I hooked up a radio headphone jack to my mic jack using an audio recording cable, something like:
http://www.sonicelectronix.com/item_...he-AUX3BL.html

I tuned the radio to a noisy channel. This is the hardest part, because noise doesn't always mean randomness.

Maybe you should hash before the von Neuman extractor since the distribution of 0s and 1s in the upper bits might differ from that of the lower bits. I would expect that to be the case whether or not there is clipping during A/D conversion. I only suggest that because it seems like the VN extractor only works well if the data is close to random in the first place. I guess if you're hashing anywhere in there, it might not make a difference where that happens.
Kevin Barry

ButterflyMelissa · 04-11-2012, 05:11 PM

Thanks for this thread! I learned something here, you guys lit up my week!!!!

Just let me/us know where your "eagle" landed, please

@ sycamorex - it would seem to be a way to find patterns in randomness...did'nt know that hissing on the radio was good for something, goes to prove you can always learn something!!!

Thanks

Thor

sycamorex · 04-11-2012, 05:18 PM

Quote:

Originally Posted by Thor_2.0

@ sycamorex - it would seem to be a way to find patterns in randomness...did'nt know that hissing on the radio was good for something, goes to prove you can always learn something!!!

Excuse my ignorance but I'm totally confused and don't really understand much from the thread. Is the OP trying to extract a truly random data or find patterns in apparent randomness?

H_TeXMeX_H · 04-12-2012, 02:28 AM

Quote:

Originally Posted by sycamorex

yeah, I've been following this thread and wondering why exactly you're doing it

. Is it anything to do with encryption or generating keys?

Quote:

Originally Posted by sycamorex

Excuse my ignorance but I'm totally confused and don't really understand much from the thread. Is the OP trying to extract a truly random data or find patterns in apparent randomness?

I want to do both actually. But, my goal is to make a TRNG, true random number generator. I probably will not achieve it, but may come close.

I should have linked this before:
http://www.random.org/history/

Reading that made me want to try to do something like that.

Technically, I don't have too much use for it, I just want a proof of concept for myself. I trust radioactive decay (hotbits) more than radio, but I have tried samples from random.org and they seem to be of good quality. So then, I wanted to do it myself so I don't have to rely on sites that may go down or have daily limits (hotbits).

sycamorex · 04-12-2012, 03:23 AM

Quote:

Originally Posted by H_TeXMeX_H

I want to do both actually. But, my goal is to make a TRNG, true random number generator. I probably will not achieve it, but may come close.

I should have linked this before:
http://www.random.org/history/

Reading that made me want to try to do something like that.

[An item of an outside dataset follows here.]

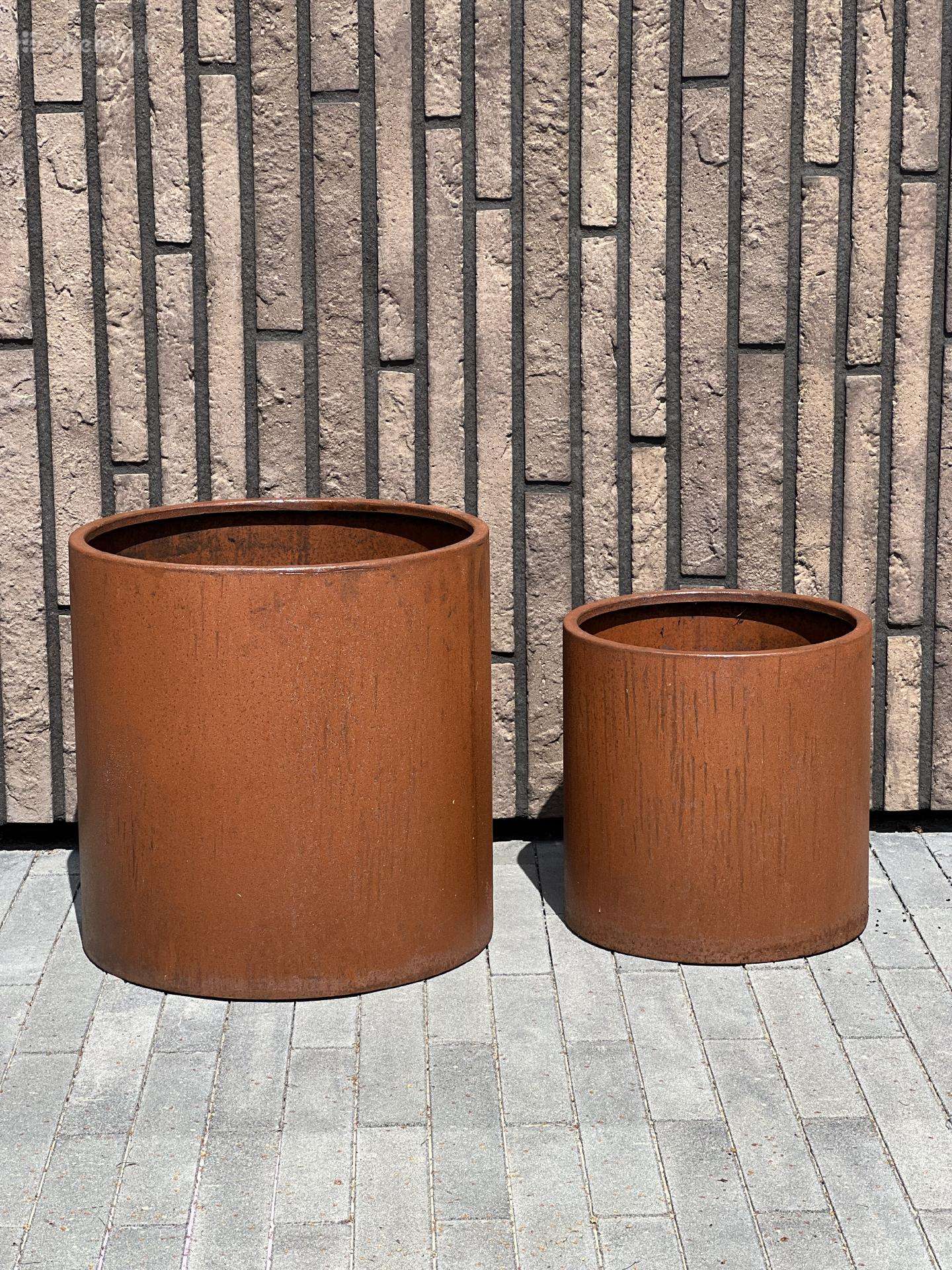 Corten vazonai 2 vnt: 30 ir 40 cm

Technically, I don't have too much use for it, I just want a proof of concept for myself. I trust radioactive decay (hotbits) more than radio, but I have tried samples from random.org and they seem to be of good quality. So then, I wanted to do it myself so I don't have to rely on sites that may go down or have daily limits (hotbits).

Ok, it all makes sense now. Thank you for the explanation.

H_TeXMeX_H · 04-12-2012, 03:56 AM

I've tried using the hash before the extractor, but it doesn't make much difference. Either way, both must be used to produce good random output, neither will work well alone. Using the hash first produces slightly smaller output, which is a good thing in theory.

Some more theory:

I am using a short-wave radio for this, because this is HF radio, and is prone to atmospheric and solar interference. This means that there's plenty of noise and potential randomness.

Also see:
http://en.wikipedia.org/wiki/Noise_%28radio%29
http://en.wikipedia.org/wiki/Cosmic_noise

H_TeXMeX_H · 04-12-2012, 06:46 AM

As long as we are discussing it, I found something very interesting in my quest.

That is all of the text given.